Quand la direction enquête sur elle-même
La loi « impose » à l’employeur de diligenter une enquête « rapide, objective et impartiale » lorsqu’un salarié dénonce un harcèlement moral.
Mais que se passe-t-il lorsque la direction elle-même est visée ?
C’est ici que le système se fissure.
Dans la pratique, bien des entreprises confient encore ces enquêtes à des salariés internes : anciens cadres, responsables RH, collaborateurs liés par contrat à ceux qu’ils doivent interroger.
Le paradoxe est total : l’entreprise enquête sur elle-même.
Comment un salarié dépendant de la hiérarchie mise en cause pourrait-il réellement agir avec neutralité ?
Comment espérer une distance sereine quand l’enquêteur sait que ses conclusions seront lues, commentées, et validées par ceux-là mêmes qui l’emploient ?
Une enquête interne menée par un salarié de l’entreprise n’est pas seulement une erreur de méthode, c’est une atteinte au principe même d’impartialité.
Elle vide le dispositif de son sens et transforme ce qui devrait être un instrument de protection en outil défensif pour l’employeur.

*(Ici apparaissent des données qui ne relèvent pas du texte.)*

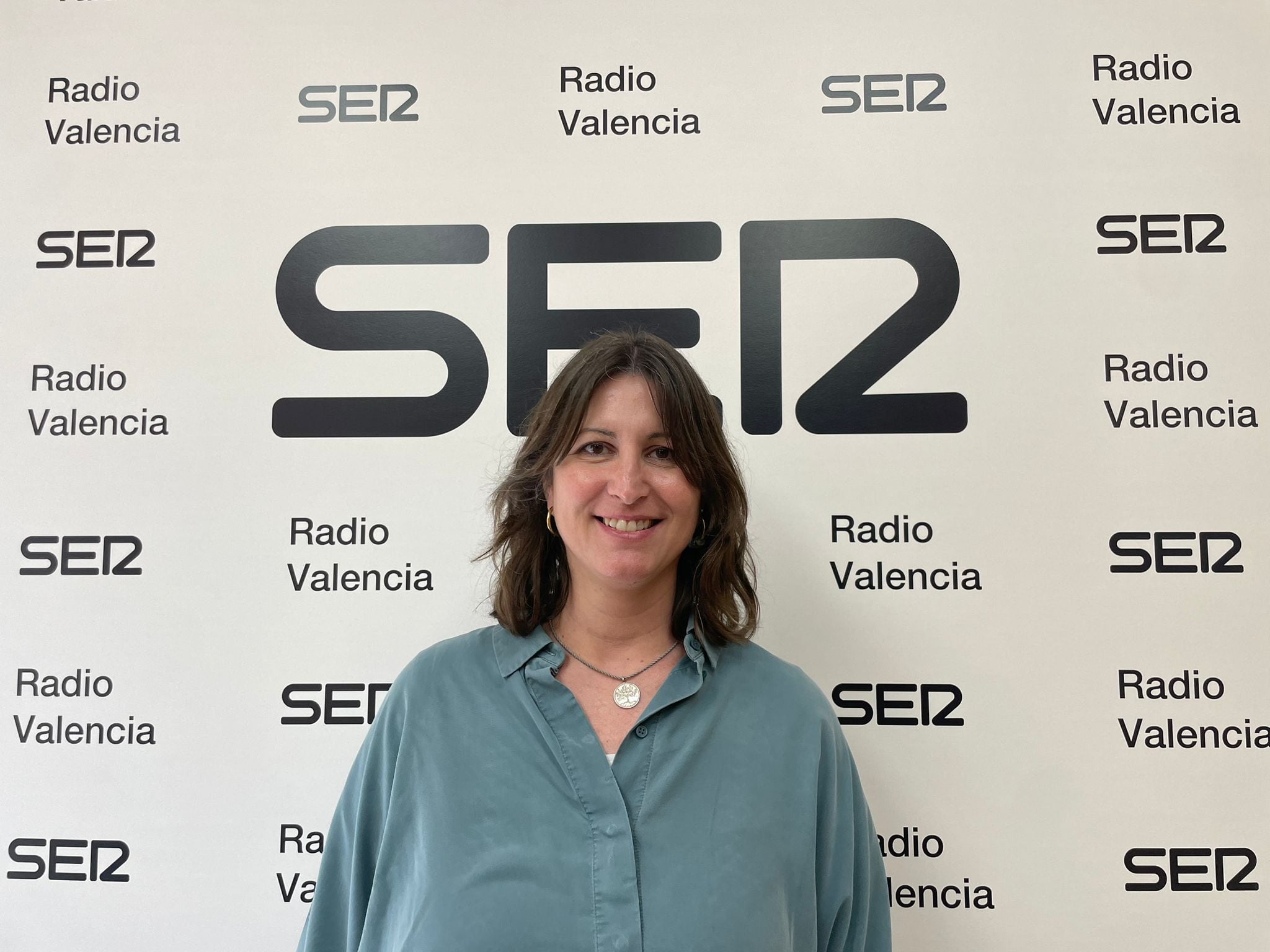 Cristina Celda, responsable de comunicación de la Junta Mayor de la Semana Santa Marinera, en los estudios de Radio Valencia Cadena SER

Le Défenseur des droits en France l’a rappelé : lorsqu’une hiérarchie est concernée, l’enquête doit être externalisée.
Autrement dit, confiée à un tiers réellement indépendant : avocat, psychologue du travail, consultant spécialisé.
Ce principe devrait s’imposer partout, y compris au Luxembourg.

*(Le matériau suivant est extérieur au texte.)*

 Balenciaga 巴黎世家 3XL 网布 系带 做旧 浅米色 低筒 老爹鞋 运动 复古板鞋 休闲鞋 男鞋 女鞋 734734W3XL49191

Une enquête n’est pas une formalité administrative.
C’est une procédure contradictoire, exigeante, encadrée, qui requiert confidentialité, méthode et compétence.
Or, dans de trop nombreux cas, ces trois exigences disparaissent : la confidentialité est rompue, les questions orientées, les victimes convoquées sans cadre.
Alors l’enquête ne devient plus une réponse au harcèlement, mais son prolongement institutionnel.
Une entreprise qui n’a rien à cacher n’a rien à craindre d’une enquête externe.
C’est même la seule façon d’apaiser, de restaurer la confiance, et de démontrer une réelle culture de responsabilité.
À l’inverse, celles qui persistent à « enquêter en interne » sur leurs propres fautes se condamnent à perdre ce qu’aucune procédure ne peut acheter : la crédibilité.
Tant que la loi ne précisera pas ce cas de figure, le système restera bancal.
Et tant que certains continueront d’enquêter sur eux-mêmes, la justice interne restera un théâtre d’ombres, où la lumière se fait toujours sur les autres, mais jamais sur soi.